Supercomputer P95?
 

Dear Mods: If this belongs in a different forum, please move this.

Dear Programmers/Developers etc. (i.e. Prime95): If one wanted to use a couple of days of time of a supercomputer, of the PFLOPS variety, how much modification of the standard P95 be required? I know they use LINPACK for the TOP500 list, and I know you can get LINPACK for desktops, but are they the same? Does something about whatever operating system they use make it possible to run standard desktop applications, or is some modification directly to the program required? I know at the very least for our purposes that to complete any LL tests in a couple of days, you'd need to run each test on many many processors to get it done.

My reasons for asking do not at the moment have any practical purpose, though in a [URL="http://en.wikipedia.org/wiki/Blue_Waters"]year or two's time[/URL] there's a ridiculously small chance it might. For now, I'm just curious. :geek::whistle:

Well, P95 is actually a handful of programs rolled together --
LL testing
ECM testing
P-1 testing
TF testing
communications to Primenet
a GUI

Drop the GUI, you have mprime.....I'm pretty sure it will at least build and run correctly for a small number of cores on any supercomputer you may want to think of....though I don't think P95 goes off and carefully hand-optimises assembler every time a new instruction comes out the way he does on x86 architectures....

We have both mfaktc and CUDALucas, which run on GPUs...otherwise known as desktop supercomputing cards....

The problem is that the "real" supercomputers (Lomonosov cluster, Teragrid) offer something that is not needed to run P95 effectively -- large amounts of high-bandwidth, low-latency inter-processor communications. LL is a sequential algorithm -- you need fourier transform after fourier transform, with just a small subtraction between the steps...TF is well-parallelised in GPUs. P-1 spends much of its time sieving -- and that's been shown, even on factoring problems, to be parallelisable without much interprocessor communications.
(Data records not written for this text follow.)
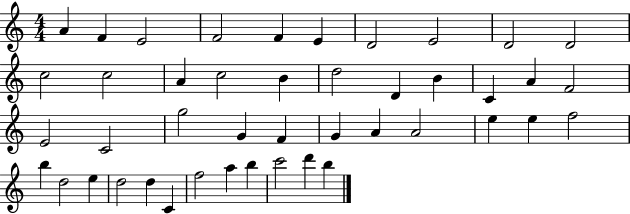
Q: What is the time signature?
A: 4/4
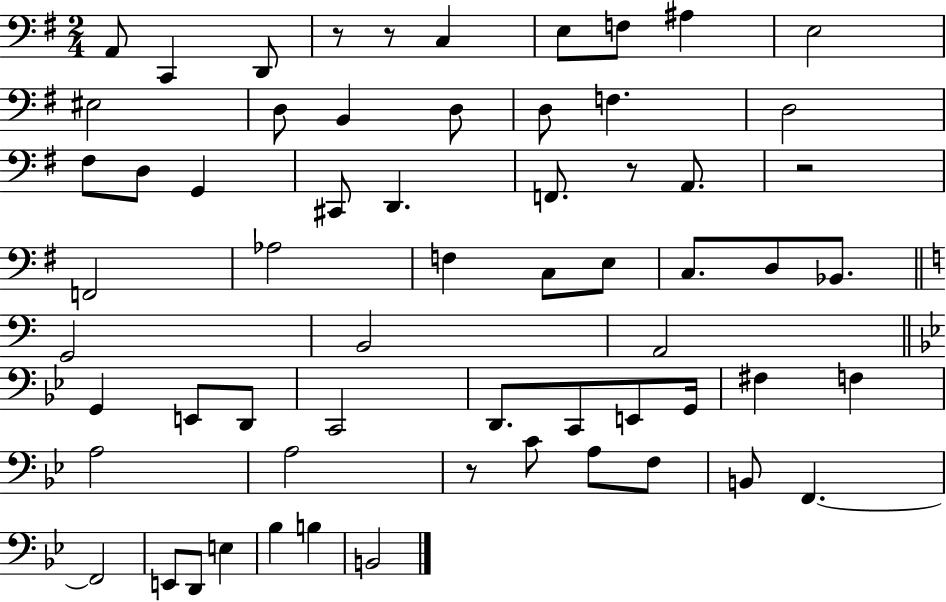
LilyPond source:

{
  \clef bass
  \numericTimeSignature
  \time 2/4
  \key g \major
  a,8 c,4 d,8 | r8 r8 c4 | e8 f8 ais4 | e2 | \break eis2 | d8 b,4 d8 | d8 f4. | d2 | \break fis8 d8 g,4 | cis,8 d,4. | f,8. r8 a,8. | r2 | \break f,2 | aes2 | f4 c8 e8 | c8. d8 bes,8. | \break \bar "||" \break \key c \major g,2 | b,2 | a,2 | \bar "||" \break \key bes \major g,4 e,8 d,8 | c,2 | d,8. c,8 e,8 g,16 | fis4 f4 | \break a2 | a2 | r8 c'8 a8 f8 | b,8 f,4.~~ | \break f,2 | e,8 d,8 e4 | bes4 b4 | b,2 | \break \bar "|."
}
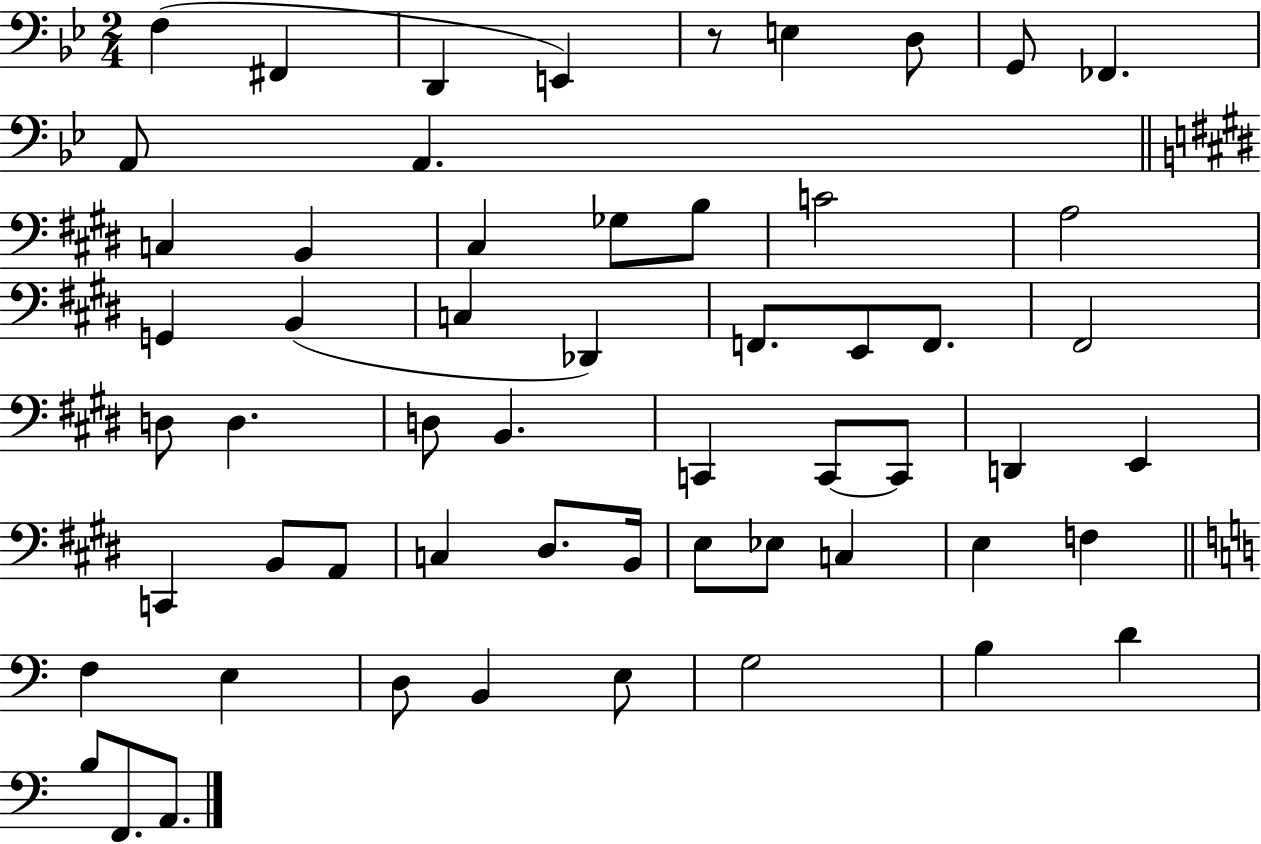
{
  \clef bass
  \numericTimeSignature
  \time 2/4
  \key bes \major
  \repeat volta 2 { f4( fis,4 | d,4 e,4) | r8 e4 d8 | g,8 fes,4. | \break a,8 a,4. | \bar "||" \break \key e \major c4 b,4 | cis4 ges8 b8 | c'2 | a2 | \break g,4 b,4( | c4 des,4) | f,8. e,8 f,8. | fis,2 | \break d8 d4. | d8 b,4. | c,4 c,8~~ c,8 | d,4 e,4 | \break c,4 b,8 a,8 | c4 dis8. b,16 | e8 ees8 c4 | e4 f4 | \break \bar "||" \break \key c \major f4 e4 | d8 b,4 e8 | g2 | b4 d'4 | \break b8 f,8. a,8. | } \bar "|."
}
ECM is also quite easily parallelised...but probably inefficient compared to LL testing for proving compositeness of numbers >~2^20M.
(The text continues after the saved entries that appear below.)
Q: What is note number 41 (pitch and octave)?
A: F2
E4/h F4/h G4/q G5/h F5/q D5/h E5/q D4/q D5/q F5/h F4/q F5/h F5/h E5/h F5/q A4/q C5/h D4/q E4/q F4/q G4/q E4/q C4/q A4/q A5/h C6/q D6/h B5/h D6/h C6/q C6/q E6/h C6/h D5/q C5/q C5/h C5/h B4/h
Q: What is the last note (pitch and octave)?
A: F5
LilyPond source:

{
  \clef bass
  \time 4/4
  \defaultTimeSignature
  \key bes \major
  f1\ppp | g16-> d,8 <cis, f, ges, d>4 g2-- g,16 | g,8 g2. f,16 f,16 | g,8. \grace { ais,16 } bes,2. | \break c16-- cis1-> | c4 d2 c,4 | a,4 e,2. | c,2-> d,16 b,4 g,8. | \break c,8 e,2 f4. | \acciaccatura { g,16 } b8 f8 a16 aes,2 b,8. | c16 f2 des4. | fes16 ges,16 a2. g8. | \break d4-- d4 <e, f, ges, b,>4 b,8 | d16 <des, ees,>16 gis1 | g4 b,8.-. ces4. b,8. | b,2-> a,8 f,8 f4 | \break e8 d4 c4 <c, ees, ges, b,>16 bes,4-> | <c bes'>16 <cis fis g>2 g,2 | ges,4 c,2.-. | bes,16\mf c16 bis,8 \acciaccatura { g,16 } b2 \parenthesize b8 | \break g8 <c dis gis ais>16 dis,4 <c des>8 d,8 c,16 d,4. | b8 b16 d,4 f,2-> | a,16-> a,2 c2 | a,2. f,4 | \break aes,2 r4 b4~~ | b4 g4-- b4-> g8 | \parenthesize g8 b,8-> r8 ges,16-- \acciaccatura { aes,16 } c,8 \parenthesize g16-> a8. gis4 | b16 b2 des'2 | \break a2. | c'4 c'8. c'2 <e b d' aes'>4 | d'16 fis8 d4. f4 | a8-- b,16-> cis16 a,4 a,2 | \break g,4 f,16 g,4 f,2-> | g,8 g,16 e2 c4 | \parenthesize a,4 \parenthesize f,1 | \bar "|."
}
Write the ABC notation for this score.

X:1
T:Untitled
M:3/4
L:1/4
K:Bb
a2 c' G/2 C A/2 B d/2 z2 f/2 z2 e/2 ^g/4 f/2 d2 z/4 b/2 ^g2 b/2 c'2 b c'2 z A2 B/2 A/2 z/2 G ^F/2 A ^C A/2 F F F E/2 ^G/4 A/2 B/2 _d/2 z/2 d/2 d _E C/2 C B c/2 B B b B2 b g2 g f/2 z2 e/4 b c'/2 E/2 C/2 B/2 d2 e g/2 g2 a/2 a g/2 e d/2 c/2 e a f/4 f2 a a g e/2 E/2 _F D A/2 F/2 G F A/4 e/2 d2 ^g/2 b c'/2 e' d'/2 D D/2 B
Now, if you want to factor something, like 2^1061-1, you sieve in parallel, and at the end, you have this large pile of relations and you need to do some serious linear algebra...and the guys DO borrow supercomputers for a few hours for those final steps....because the linear algebra requires the interprocessor communications....

But given the link, I'm thinking you might get a small piece of one of these supercomputers on the cheap...one motherboard/blade with a few CPUs on it...which will probably be a very energy-efficient way of running mprime.
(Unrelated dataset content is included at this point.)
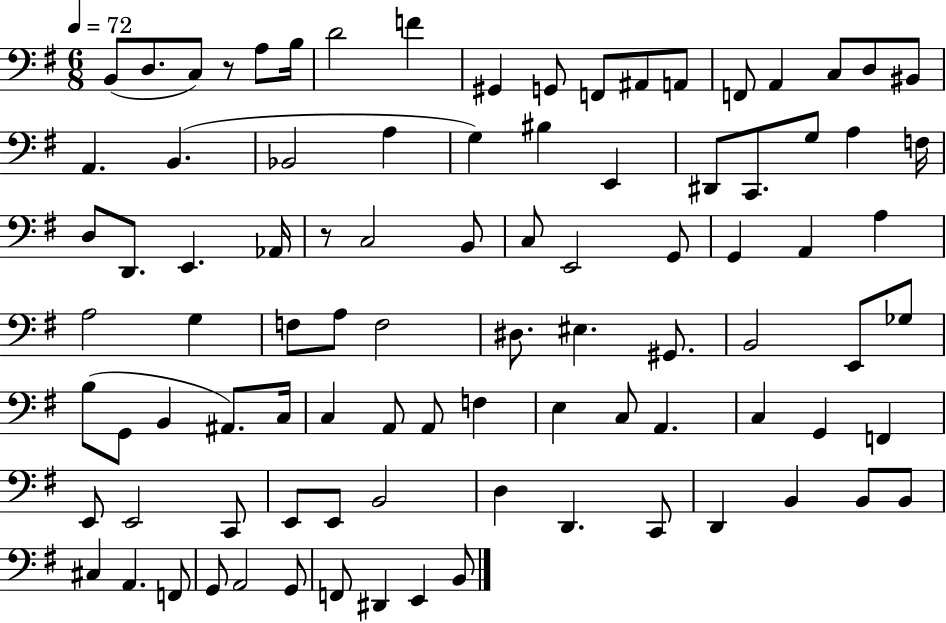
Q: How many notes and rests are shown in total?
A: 92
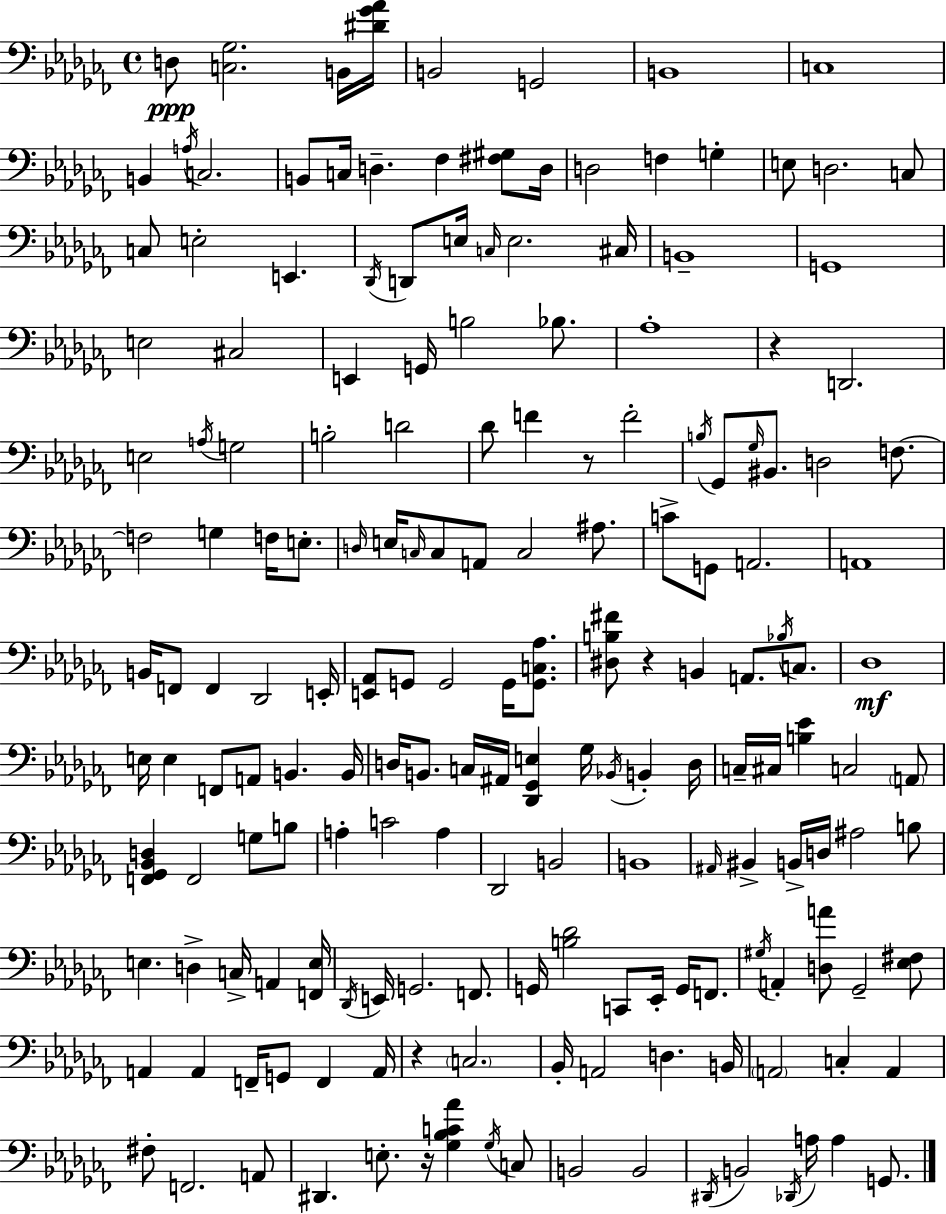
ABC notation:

[QUOTE=Christenson;274109]P-1 spends much of its time sieving[/QUOTE]

No, it doesn't. You must be thinking of something else.

P-1 is bit like LL - Fourier transform after Fourier transform.

[QUOTE=Christenson;274109]Drop the GUI, you have mprime.....I'm pretty sure it will at least build and run correctly for a small number of cores on any supercomputer you may want to think of[/QUOTE]

If it's an x86-based supercomputer. Assembler isn't portable, and you'll likely even have problems because assembler syntax varies between different tool chains.

Check out mlucas for an example of relatively portable source code instead.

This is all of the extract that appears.